Things to do for Centrics

  • Visit the tomb of King Midas in the ruins of Gordium at the modern Yassihoyuk. You also can see what is left of the ancient city (where Alexander the Great cut the Gordian Knot) and a small museum.
  • Take a guided tour through Kaymakli or another underground city. You’ll want a guide to avoid becoming lost.
  • Overnight in a cave hotel. There are several in Cappadocia, but the Museum Hotel in Uchisar is very much on the upscale side.
  • At Bodrum or Antalya, sail on a gulet, a traditional wooden sailing boat. Charter for a day, or sign on for a scheduled multiday cruise.
  • At Antakya (Antioch in biblical times), see the city’s rich collection of ancient mosaics at the Hatay Archaeological Museum, as well as the Grotto of St. Peter, which may be the world’s oldest church.
  • See Cappadocia’s amazing landscape from a hot-air balloon.

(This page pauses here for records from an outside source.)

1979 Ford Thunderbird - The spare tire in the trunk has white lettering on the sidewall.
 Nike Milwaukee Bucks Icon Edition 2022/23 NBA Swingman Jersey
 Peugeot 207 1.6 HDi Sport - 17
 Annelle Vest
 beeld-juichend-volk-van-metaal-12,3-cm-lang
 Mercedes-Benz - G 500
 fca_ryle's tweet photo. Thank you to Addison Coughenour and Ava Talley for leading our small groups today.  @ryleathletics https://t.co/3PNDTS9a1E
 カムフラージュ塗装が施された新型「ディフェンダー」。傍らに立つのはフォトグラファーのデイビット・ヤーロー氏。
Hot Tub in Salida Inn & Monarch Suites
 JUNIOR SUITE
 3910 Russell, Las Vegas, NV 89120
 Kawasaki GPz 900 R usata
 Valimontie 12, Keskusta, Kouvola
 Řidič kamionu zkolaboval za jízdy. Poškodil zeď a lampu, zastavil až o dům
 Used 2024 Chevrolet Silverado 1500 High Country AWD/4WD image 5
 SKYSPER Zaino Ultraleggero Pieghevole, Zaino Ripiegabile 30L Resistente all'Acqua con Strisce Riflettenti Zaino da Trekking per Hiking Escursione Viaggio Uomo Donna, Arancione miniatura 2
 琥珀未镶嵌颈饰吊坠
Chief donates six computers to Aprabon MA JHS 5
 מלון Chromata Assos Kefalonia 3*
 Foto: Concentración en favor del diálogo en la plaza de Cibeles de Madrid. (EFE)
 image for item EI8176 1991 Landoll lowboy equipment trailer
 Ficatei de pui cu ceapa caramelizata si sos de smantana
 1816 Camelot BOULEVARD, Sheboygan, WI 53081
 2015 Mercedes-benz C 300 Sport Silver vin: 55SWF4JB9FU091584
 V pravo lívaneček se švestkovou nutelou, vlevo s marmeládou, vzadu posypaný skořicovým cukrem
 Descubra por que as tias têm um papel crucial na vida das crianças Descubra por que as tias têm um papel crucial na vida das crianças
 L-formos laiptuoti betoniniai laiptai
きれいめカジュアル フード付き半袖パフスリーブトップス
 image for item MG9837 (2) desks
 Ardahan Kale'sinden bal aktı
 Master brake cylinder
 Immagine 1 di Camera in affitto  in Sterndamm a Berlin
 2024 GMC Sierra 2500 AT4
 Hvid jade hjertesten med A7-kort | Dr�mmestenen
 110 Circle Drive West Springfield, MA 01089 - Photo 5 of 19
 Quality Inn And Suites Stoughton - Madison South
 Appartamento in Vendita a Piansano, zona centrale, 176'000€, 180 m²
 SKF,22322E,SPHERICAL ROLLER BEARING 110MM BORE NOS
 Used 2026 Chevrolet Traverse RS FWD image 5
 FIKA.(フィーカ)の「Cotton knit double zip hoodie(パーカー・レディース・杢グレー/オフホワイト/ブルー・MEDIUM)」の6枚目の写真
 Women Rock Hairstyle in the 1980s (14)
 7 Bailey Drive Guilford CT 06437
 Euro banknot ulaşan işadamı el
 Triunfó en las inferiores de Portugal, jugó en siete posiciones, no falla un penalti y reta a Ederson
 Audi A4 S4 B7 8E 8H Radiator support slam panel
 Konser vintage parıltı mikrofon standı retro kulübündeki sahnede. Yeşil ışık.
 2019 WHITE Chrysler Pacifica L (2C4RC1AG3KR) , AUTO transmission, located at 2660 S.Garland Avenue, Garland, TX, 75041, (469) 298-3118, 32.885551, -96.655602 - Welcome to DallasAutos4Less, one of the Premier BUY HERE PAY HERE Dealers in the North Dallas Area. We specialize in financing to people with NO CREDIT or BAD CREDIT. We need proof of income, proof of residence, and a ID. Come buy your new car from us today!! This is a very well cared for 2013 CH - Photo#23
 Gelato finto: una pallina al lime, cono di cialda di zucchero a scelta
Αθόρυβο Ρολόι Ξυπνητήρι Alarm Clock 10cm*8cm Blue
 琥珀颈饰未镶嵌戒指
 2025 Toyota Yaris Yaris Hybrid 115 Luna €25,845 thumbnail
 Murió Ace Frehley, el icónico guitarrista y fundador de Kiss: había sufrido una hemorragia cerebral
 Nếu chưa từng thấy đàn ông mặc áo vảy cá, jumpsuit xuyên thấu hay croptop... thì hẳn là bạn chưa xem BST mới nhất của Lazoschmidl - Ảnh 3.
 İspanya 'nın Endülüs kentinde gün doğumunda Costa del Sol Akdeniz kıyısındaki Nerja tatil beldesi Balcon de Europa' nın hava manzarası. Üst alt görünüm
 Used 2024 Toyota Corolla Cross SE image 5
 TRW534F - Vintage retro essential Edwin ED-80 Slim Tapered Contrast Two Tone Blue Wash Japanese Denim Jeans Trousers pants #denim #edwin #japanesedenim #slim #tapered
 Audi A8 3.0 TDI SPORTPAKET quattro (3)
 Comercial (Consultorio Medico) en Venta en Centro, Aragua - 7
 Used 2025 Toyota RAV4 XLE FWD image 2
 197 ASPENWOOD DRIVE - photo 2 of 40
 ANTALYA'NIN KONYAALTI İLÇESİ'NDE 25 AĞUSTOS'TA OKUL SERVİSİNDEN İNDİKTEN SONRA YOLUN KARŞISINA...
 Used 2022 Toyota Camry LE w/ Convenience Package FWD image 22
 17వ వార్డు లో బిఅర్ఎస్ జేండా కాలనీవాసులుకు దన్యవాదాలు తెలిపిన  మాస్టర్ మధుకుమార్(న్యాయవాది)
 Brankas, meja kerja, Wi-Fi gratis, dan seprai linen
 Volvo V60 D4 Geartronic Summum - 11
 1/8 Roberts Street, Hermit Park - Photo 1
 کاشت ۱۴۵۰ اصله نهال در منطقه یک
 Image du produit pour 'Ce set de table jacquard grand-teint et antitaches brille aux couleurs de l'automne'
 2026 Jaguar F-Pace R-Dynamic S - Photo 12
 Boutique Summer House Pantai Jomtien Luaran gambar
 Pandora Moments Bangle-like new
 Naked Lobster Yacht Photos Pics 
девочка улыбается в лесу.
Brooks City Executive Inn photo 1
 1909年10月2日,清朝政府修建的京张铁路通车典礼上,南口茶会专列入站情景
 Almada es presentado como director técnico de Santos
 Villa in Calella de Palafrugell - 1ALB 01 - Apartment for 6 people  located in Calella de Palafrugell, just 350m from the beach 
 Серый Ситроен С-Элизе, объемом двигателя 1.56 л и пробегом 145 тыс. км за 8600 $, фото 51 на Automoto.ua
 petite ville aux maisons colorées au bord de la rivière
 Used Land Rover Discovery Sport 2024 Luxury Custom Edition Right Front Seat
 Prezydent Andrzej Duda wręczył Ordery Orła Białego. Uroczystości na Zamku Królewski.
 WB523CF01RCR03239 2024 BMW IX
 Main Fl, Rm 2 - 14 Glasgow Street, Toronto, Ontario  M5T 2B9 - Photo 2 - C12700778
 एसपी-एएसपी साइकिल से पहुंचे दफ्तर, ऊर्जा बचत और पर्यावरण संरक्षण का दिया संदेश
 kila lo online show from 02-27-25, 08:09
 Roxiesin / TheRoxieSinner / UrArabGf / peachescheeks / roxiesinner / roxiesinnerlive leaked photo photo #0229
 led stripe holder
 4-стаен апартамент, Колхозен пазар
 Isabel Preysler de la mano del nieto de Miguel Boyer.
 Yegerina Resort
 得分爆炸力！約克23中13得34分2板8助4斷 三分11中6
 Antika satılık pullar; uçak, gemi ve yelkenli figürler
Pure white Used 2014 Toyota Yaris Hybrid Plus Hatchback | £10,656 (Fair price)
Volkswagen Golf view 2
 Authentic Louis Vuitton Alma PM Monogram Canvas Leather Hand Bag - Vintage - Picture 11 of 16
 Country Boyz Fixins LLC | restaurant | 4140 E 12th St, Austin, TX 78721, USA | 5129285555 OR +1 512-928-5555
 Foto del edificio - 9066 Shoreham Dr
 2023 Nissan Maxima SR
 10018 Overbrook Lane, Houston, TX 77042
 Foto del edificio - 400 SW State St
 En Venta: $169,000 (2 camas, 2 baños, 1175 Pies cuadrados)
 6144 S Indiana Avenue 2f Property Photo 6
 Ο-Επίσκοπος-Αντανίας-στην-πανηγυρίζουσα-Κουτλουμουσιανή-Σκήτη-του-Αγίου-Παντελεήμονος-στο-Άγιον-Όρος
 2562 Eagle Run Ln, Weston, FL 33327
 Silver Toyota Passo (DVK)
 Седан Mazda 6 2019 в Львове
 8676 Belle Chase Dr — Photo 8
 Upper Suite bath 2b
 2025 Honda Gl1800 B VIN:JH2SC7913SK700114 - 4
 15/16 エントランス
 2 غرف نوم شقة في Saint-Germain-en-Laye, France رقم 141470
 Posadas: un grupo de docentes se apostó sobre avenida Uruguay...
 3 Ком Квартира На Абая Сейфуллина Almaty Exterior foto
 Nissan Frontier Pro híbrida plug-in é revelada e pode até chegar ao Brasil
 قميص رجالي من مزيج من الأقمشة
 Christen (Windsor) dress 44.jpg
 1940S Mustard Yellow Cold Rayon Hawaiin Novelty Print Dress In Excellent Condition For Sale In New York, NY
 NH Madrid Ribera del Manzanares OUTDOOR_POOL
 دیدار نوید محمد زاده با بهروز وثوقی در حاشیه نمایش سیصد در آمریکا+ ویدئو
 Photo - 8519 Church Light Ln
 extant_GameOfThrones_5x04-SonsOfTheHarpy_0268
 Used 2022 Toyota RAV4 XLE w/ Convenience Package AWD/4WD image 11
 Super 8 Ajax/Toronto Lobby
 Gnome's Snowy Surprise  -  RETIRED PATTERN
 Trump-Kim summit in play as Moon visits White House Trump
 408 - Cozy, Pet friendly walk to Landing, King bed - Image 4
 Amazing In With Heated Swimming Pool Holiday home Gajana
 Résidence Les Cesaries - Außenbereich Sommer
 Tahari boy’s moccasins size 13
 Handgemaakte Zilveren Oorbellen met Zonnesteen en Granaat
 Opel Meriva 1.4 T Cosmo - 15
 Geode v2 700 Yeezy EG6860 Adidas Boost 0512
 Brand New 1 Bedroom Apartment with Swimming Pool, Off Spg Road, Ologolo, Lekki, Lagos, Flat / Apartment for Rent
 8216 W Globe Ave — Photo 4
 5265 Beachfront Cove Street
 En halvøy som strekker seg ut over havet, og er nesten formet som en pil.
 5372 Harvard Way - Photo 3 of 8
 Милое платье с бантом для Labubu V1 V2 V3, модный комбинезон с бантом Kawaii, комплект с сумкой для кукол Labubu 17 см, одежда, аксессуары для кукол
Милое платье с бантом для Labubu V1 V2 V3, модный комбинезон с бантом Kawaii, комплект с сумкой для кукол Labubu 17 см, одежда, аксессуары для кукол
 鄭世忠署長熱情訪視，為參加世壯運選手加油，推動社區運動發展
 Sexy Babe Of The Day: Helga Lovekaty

Things to do for Authentics

  • Tour the extensive ruins of Ephesus, the capital of Roman Asia Minor. Then, head to the nearby resort town of Kusadasi for shopping. Ephesus can be visited as a shore excursion on a cruise itinerary.
  • Have dinner in a fine restaurant that overlooks the dramatic Roman harbor of Antalya.
  • Attend a performance at the Roman-era Aspendos theater outside Antalya. Do this on the occasion of the International Aspendos Opera and Ballet Festival.
  • Snatch some beach time in Bodrum after touring the coastal city’s iconic medieval castle and seeing what is left of the Tomb of Mausolus.
  • Use spa facilities at your hotel in Antalya, Bodrum or Izmir (near Ephesus).
  • Join a tour or hire a guide to see all the most exotic rock formations in Cappadocia. Carry a good camera in order to take a record home with you.